The kicker that sets California apart from, say, Lord of the Flies, and the many stories it's spawned, is Lepucki’s astute insight into the complex, and often conflicting, emotions women attach to childbirth today. When Frida’s pregnancy becomes known within the settlement she and Cal have joined -- a clan openly supporting “containment” -- she undulates between desiring a quiet family life and the approval of her ambitious community. This sentiment, while ostensibly specific to a post-apocalyptic society, is strangely resonant with the choices women today are faced with. Likewise with the rest of the characters’ central conflicts: should personal relationships or idealistic pursuits take precedence? With California, Lepucki raises the question, and, over the course of its gripping pages, reveals her answer.

What other reviewers think:
Publisher's Weekly: "As seen in chapters told from their alternating perspectives, the less they trust each other, the more tension mounts, building to an explosive climax that few readers will see coming."

Kirkus: "This has the bones of an excellent book, but, sadly, an untenable amount of flab is covering them."

Who wrote it?
California is Edan Lepucki's first novel.
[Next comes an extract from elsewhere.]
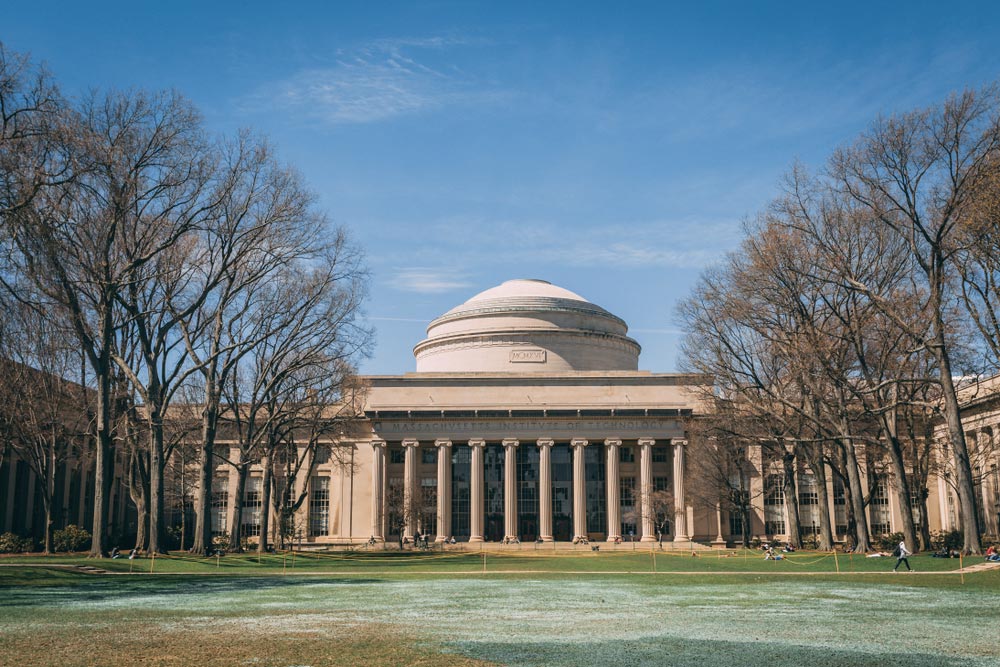 Kupole hlavní budovy MIT s nápisem Massachusetts Institute of Technology nad sloupovím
She attended Iowa Writers' Workshop, and is a staff writer for The Millions.

Who will read it?
Fans of dystopian stories, especially those looking to graduate from Suzanne Collins and her ilk.

Opening lines:
"On the map, their destination had been a stretch of green, as if they would be living on a golf course. No freeways nearby, or any roads, really: those had been left to rot years before. Frida had given this place a secret name, the afterlife, and on their journey, when they were forced to hide in abandoned rest stops, or when they'd filled the car with the last of their gasoline, this place had beckoned. In her mind it was a township, and Cal was the mayor. She was the mayor's wife."

Notable passage:
"He smelled the same. She hadn't hugged him for years; even when he was alive, they barely touched, but now she couldn't let go. That smell: what was it? Pajamas worn until noon, and potato chips, and the leather band of their father's favorite watch, and the baby detergent their mother never stopped using, and his old room, the window never open, the blighted avocado tree blocking views and voyeurs alike. Her brother, his smell."

Rating, out of ten:
7. Though her prose might not be particularly inventive, Lepucki's story is a compelling examination of personal relationships laid bare. A provoking thought experiment, her novel imagines a chillingly plausible future.